Like the bail out of the auto industry in 2009, the judicial system cannot be saved by simply hiring more executives and running the same plays. Massive restructuring of wide scale proportions is required in order to deliver a viable, sustainable, and constitutionally compliant system.

Notwithstanding, the tired, and provenly inadequate approaches at speeding up the justice system are repeatedly raised. These approaches invariably take the form of diminishing protections and rights otherwise afforded to accused, promises of hiring more judges and Crown Attorneys, and round and round we go. Since the days of Askov and Moran, where over 15 years ago these issue of delay was chastised, things have only become worse.

What was once 8-9 months of acceptable delay, that number has now at least doubled, if not tripled in some instances. Despite the world moving faster than ever before, the Courts get slower by exponential proportions. It’s hard to imagine the government, in enacting 11(b) of the Charter (the rights to a trial within a “reasonable time”) over 35 years ago, contemplated years, not months, was what they meant.
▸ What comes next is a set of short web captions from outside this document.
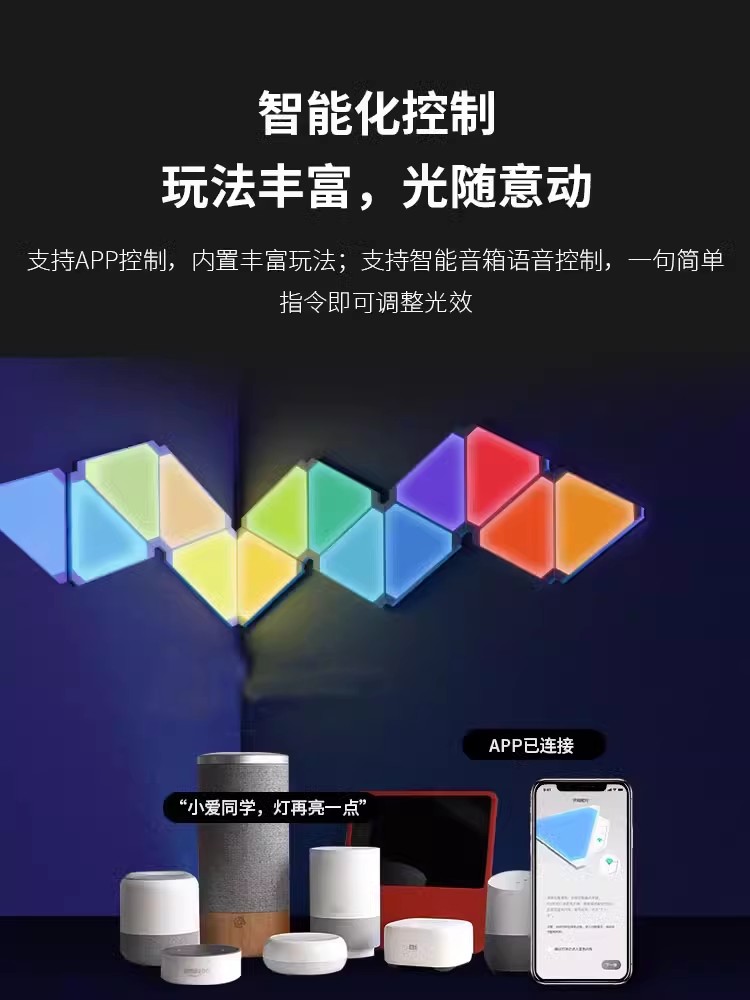 Cololight电竞房奇光板游戏屏光同步亚克力DIY三角灯RGB音乐同步 - 图3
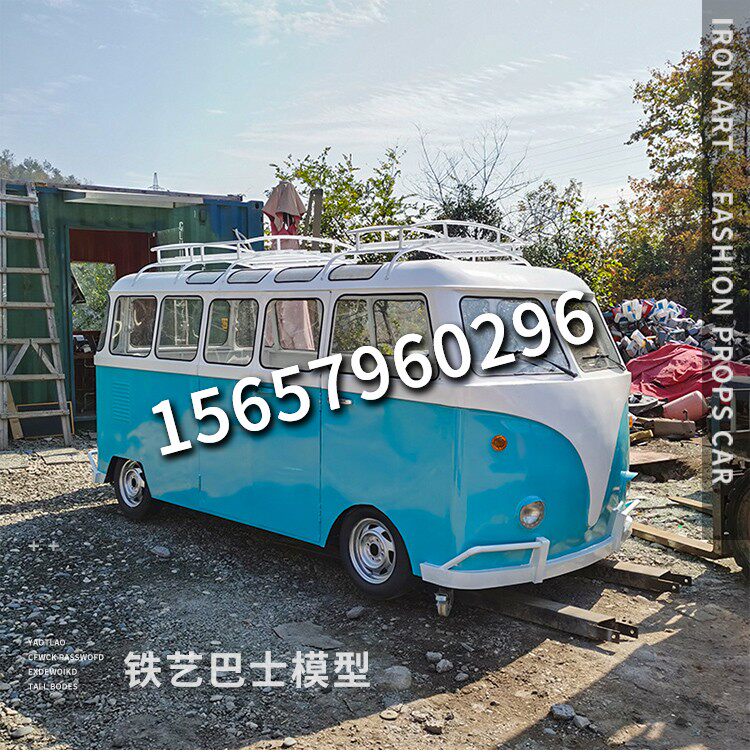 真人cs道具大众T1巴士小吃烧烤奶茶售卖车移动麻辣烫炸串快餐车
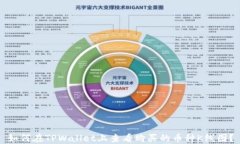 如何在TPWallet上查看购买的币种K线图？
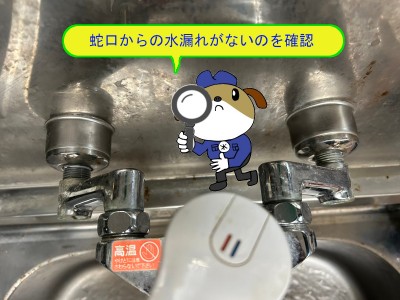 adf41b5e6d89e14dda22624b8487899b1-e1761964090292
It’s as if there is an inverse Moore’s Law guiding the system.

Now, there is normalization of delay by the characterization of  18 months delay for a summary conviction and 30 months for an indictable offence.  And even then, there is panic.

The issue, as many lawyers see it (including me) is that complacency is misdirected to a complacency of accused, and of lawyers. It is like a grocery store blaming its customers for not checking out fast enough with one teller open. Lawyers and accused can only move as quickly as the system allows, and right now, it allows nothing but unadulterated stagnation. Even when things are moving smoothly, they are still operating at a glacial pace when compared any any other industry or governmental body.

The canaries aren’t singing.

If there was a proverbial canary in a coal mine, it is that of set-date court.

I have written on many possible solutions that permeate the justice system in another article, but if we are to look at the attitudinal shift, we need look no further than set-date court. It is here where complacency is born.

Complacency towards lawyers’ time. Complacency of breaks and lunch periods. Complacency of individuals who have to attend Court, take the day of work, find child care, and disrupt their lives. In truth, one would be hard pressed to find more complacency towards delay and speed than what happens in set-date Court.

To be clear, I am not placing the blame on the individual players of the game. Individuals can do little to act efficiently when the system is inherently and wildly inefficient. Indeed, judges, justices, and lawyers are now, more than ever, trying to move things through the system quickly.  No one wants to be languishing all day in Court saying the same thing over and over again. To use the supermarket analogy, there is no sense in blaming the one teller who is open at the check out in a long line – they are doing what they can.

The problem is the entrenchment of inefficiency across the entire justice system.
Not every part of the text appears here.